'64 Lincoln Manuscript Sets Record at NYC Auction!
Thursday, February 12, 2009

From the Associated Press:
A handwritten manuscript of an 1864 Abraham Lincoln speech sold for $3.44 million on the bicentennial of his birthday Thursday, setting a new auction record for any American historical document.
The manuscript was sold to an anonymous phone bidder after spirited bidding in a crowded Christie's auction house room. Proceeds from the sale will go toward a new wing for a library in New York's Finger Lakes region, where the document has been since 1926.
Thursday's price was just slightly higher than the previous record of $3.40 million set last year at Sotheby's, also for a Lincoln document — an 1864 letter the 16th president wrote to a group of youngsters who asked him to free America's "little slave children."
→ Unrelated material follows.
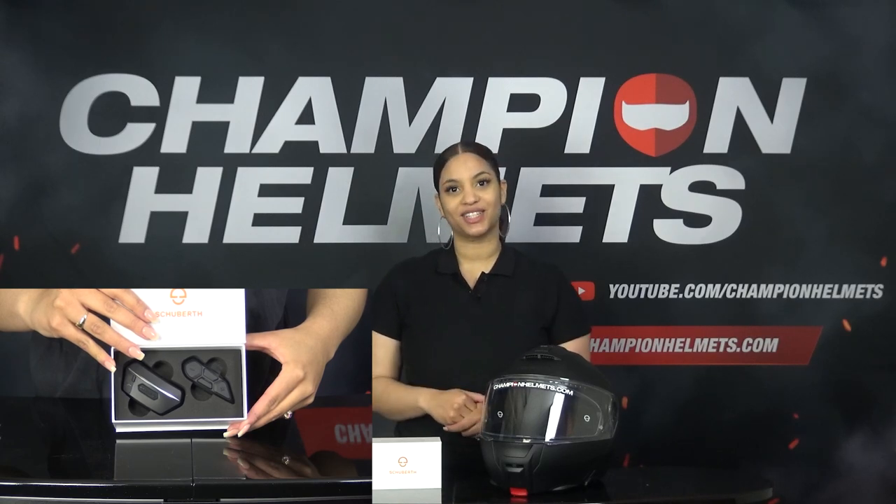When we open the box, first we see the manuals. Make sure to keep these and read them carefully, because they will tell you exactly how to operate the system. Further in the box we see the communication system that we are about to attach in the helmet. Also in the box you will find a charger, a microphone and an extra battery.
The manuscript that sold Thursday is a speech Lincoln delivered at the White House after he was re-elected in the midst of an unpopular Civil War that both he and his opponents believed might cost him his job.
Lincoln delivered the speech to a large crowd on Nov. 10, 1864, after winning a second term with 55 percent of the popular vote. He said the results "demonstrated that a people's government can sustain a national election in the midst of a great civil war."
Lincoln also expressed gratitude to "almighty God for having directed my countrymen to a right conclusion" and called on them to "reunite in a common effort to save our common country."
Lincoln's war policies were unpopular and his prospects for a second term had looked bleak. He himself believed that Democrat George B. McClellan, a popular former Union general, would win.
The four-page document remained in the family's hands until 1916. Lincoln's son, Robert Todd Lincoln, presented it to New York Rep. John A. Dwight as a "thank you." Dwight helped secure funding for the construction of the Lincoln Memorial in Washington.
In 1926, Dwight's widow gave the document to the Southworth Library Association in Dryden, N.Y. According to the library's Web site, it displayed it only once, during the 1976 bicentennial celebration.